:: Records for processing ::

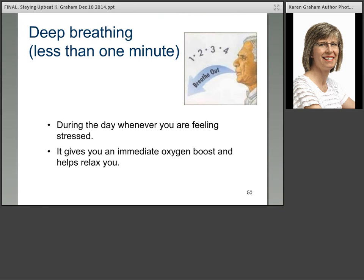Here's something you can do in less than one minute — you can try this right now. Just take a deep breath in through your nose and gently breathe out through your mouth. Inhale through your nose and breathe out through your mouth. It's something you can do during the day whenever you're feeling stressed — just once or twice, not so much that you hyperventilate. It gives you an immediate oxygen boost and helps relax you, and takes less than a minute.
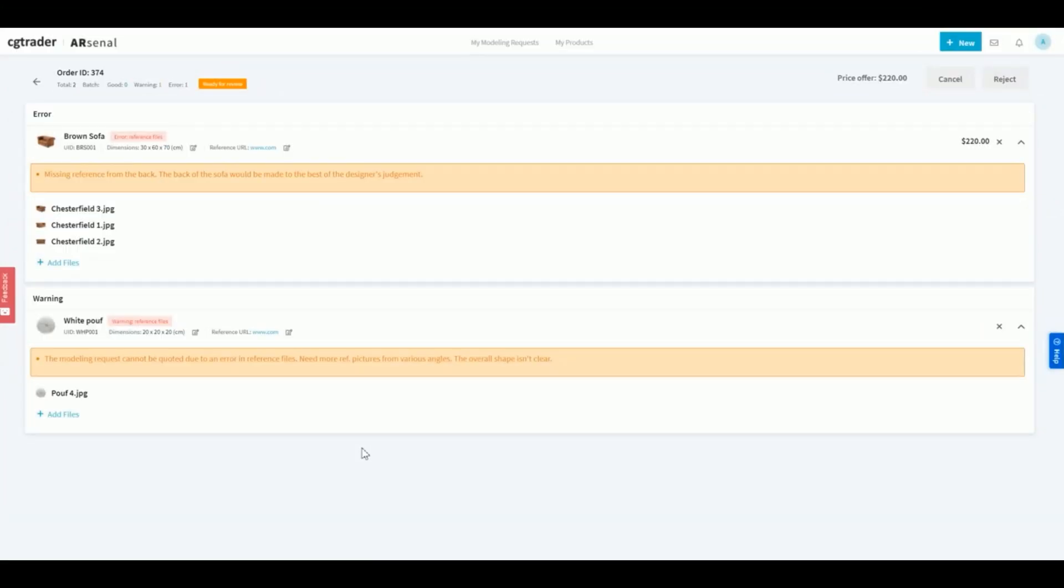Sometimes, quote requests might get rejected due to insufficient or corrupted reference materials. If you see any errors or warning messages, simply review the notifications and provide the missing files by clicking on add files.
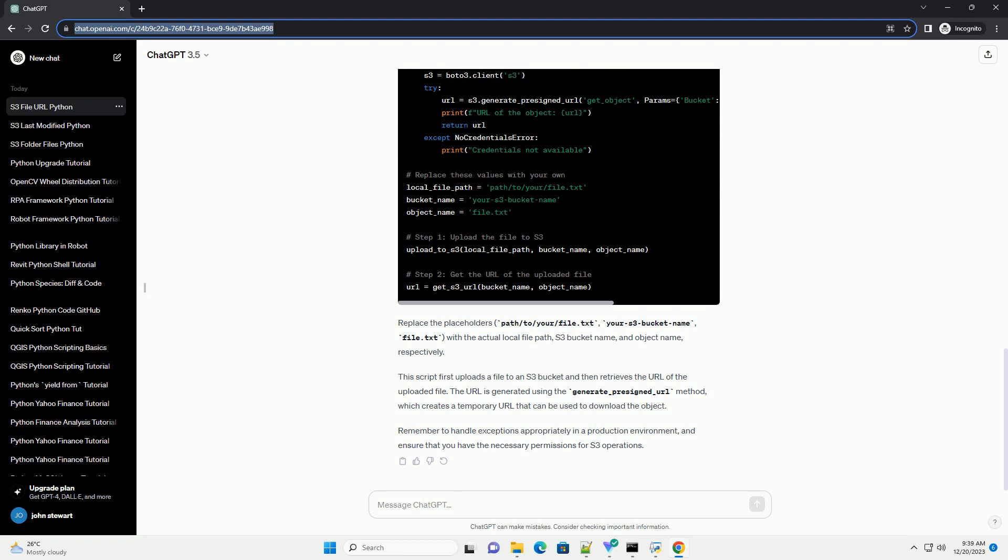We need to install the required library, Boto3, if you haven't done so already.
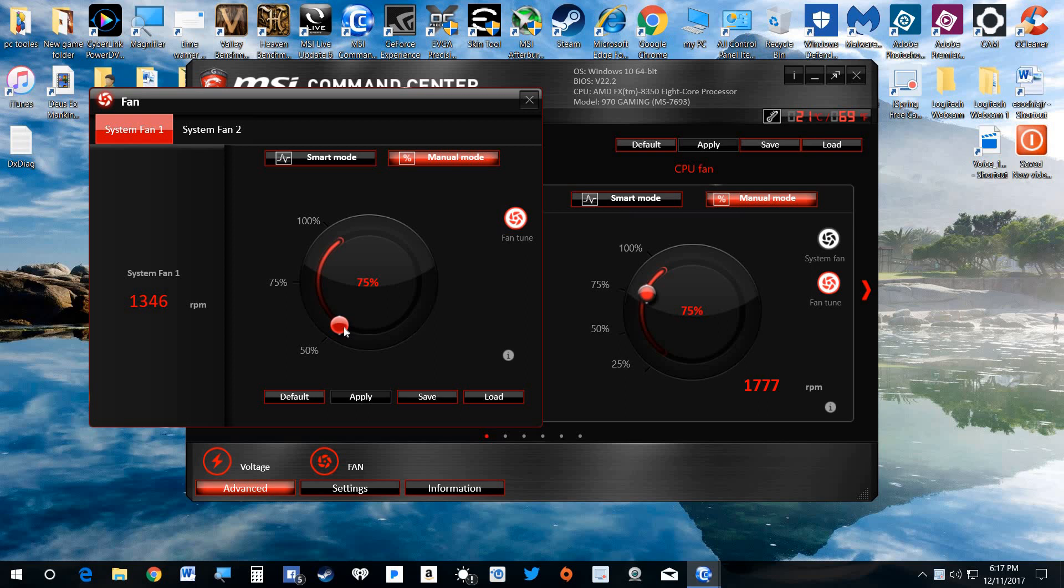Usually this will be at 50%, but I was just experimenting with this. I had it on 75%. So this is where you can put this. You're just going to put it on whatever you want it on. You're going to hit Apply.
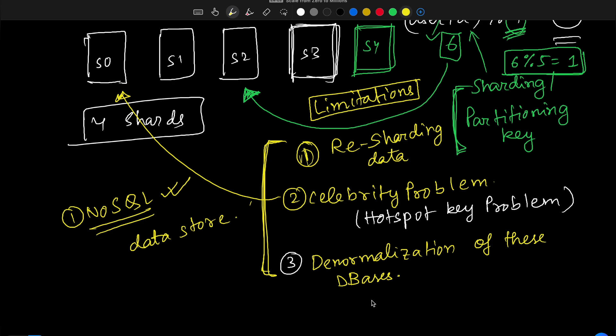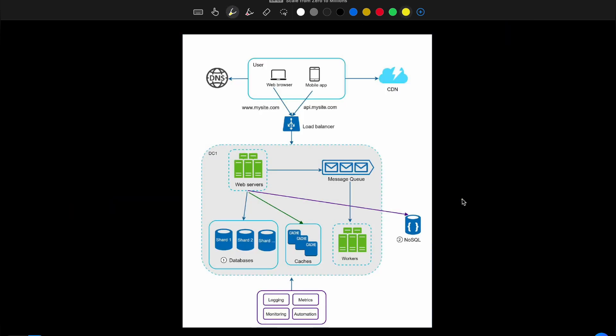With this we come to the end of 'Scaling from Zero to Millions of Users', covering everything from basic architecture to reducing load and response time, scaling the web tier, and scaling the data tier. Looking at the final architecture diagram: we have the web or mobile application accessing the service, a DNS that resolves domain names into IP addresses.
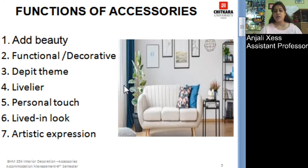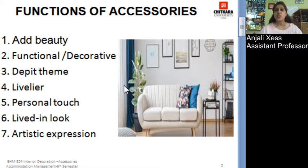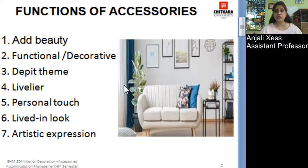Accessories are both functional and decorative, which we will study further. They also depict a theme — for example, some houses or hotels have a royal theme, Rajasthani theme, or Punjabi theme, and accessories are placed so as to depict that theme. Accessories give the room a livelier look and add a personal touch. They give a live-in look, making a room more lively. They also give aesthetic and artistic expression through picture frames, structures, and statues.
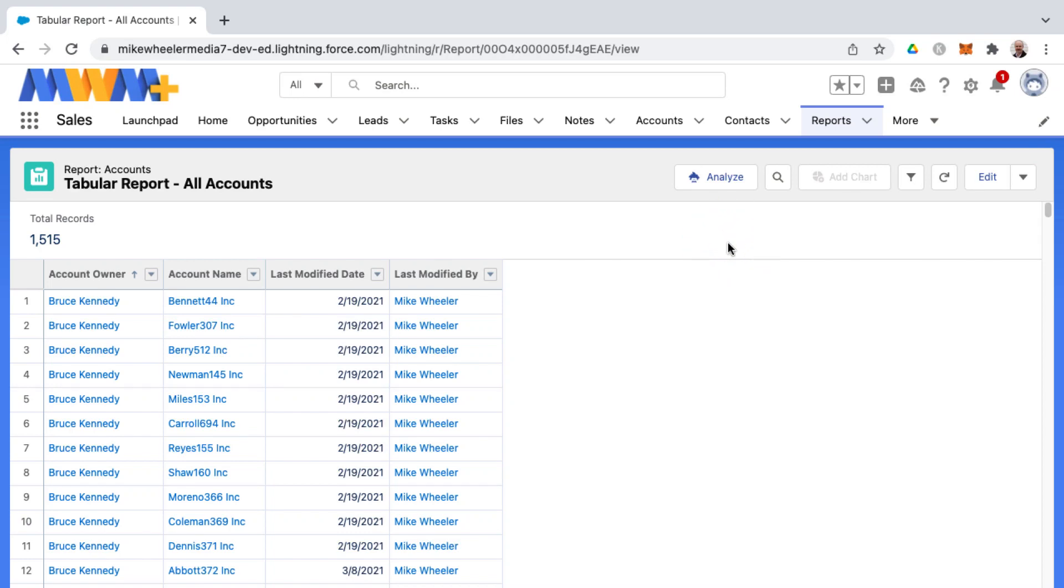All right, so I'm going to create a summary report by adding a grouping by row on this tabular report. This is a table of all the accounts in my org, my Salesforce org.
--
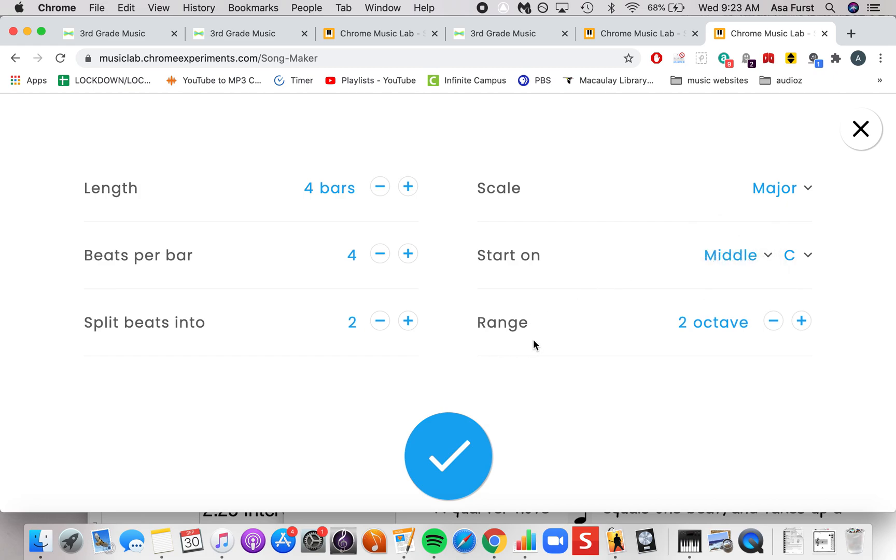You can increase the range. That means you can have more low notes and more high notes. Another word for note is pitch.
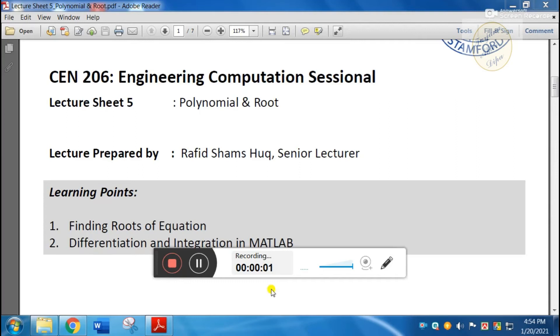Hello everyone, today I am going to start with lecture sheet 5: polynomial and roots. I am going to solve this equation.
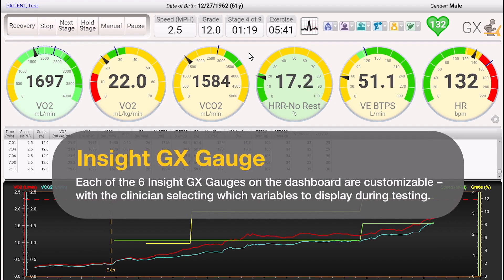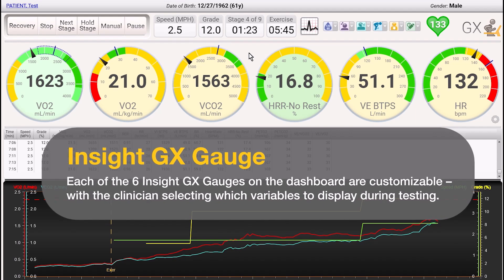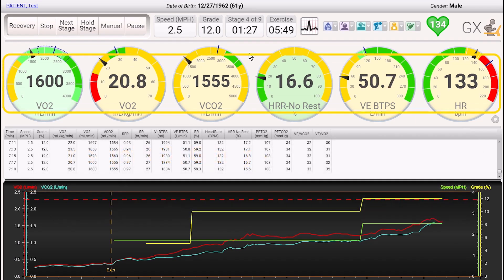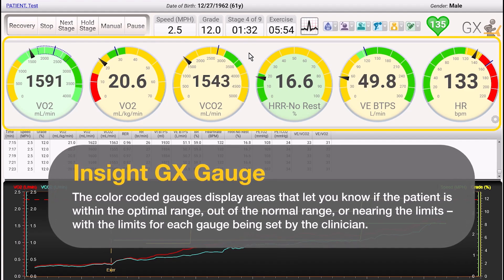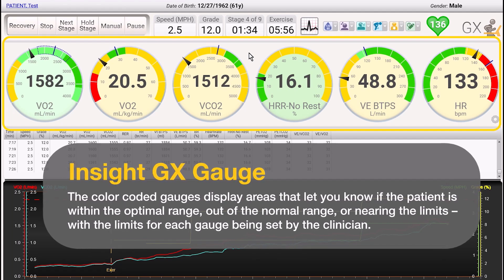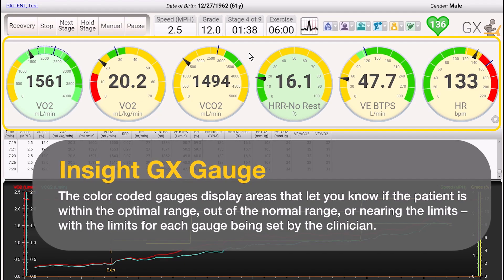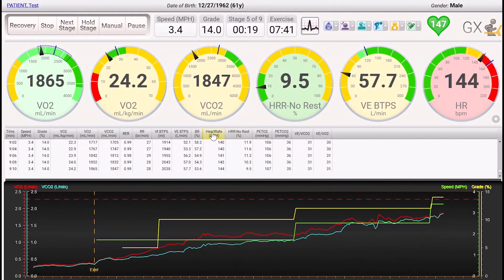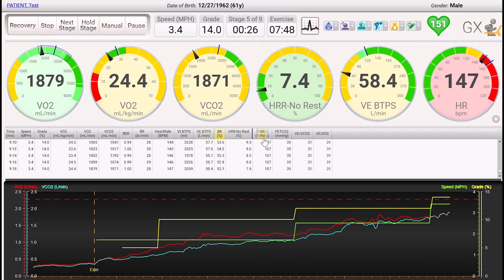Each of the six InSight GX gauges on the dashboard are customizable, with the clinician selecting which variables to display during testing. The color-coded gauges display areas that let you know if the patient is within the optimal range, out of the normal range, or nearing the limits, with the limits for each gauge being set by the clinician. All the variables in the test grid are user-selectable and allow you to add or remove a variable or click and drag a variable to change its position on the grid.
---
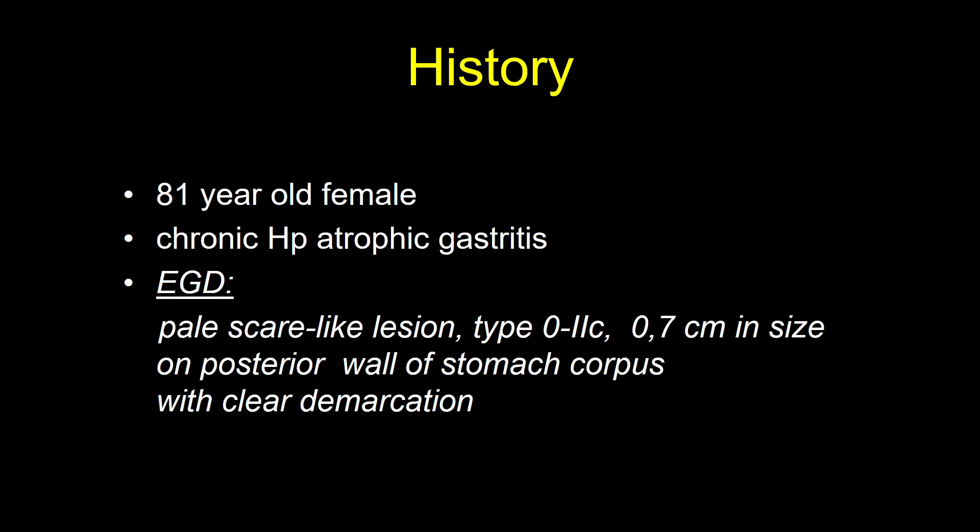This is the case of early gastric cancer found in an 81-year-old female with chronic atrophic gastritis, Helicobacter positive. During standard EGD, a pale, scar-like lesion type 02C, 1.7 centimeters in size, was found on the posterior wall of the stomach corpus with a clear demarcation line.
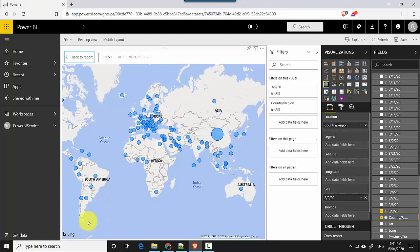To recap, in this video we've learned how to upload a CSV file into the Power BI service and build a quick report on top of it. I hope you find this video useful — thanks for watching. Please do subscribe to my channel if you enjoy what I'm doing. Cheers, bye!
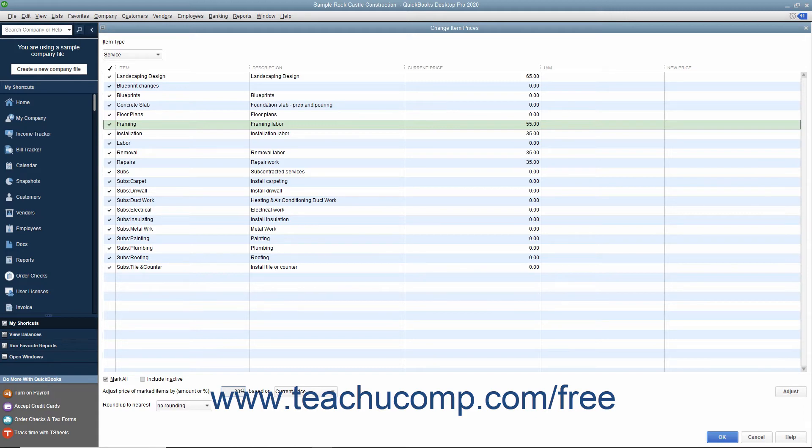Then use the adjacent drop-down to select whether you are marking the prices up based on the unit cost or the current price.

:: Try it ::
Retype the lines above exactly as they appear, from the line containing "Here's something you" through the line containing "Usually this will", and leave out any pictures.

:: Your response ::
Here's something you can do in less than one minute — you can try this right now. Just take a deep breath in through your nose and gently breathe out through your mouth. Inhale through your nose and breathe out through your mouth. It's something you can do during the day whenever you're feeling stressed — just once or twice, not so much that you hyperventilate. It gives you an immediate oxygen boost and helps relax you, and takes less than a minute.
Sometimes, quote requests might get rejected due to insufficient or corrupted reference materials. If you see any errors or warning messages, simply review the notifications and provide the missing files by clicking on add files.
We need to install the required library, Boto3, if you haven't done so already.
Usually this will be at 50%, but I was just experimenting with this. I had it on 75%. So this is where you can put this. You're just going to put it on whatever you want it on. You're going to hit Apply.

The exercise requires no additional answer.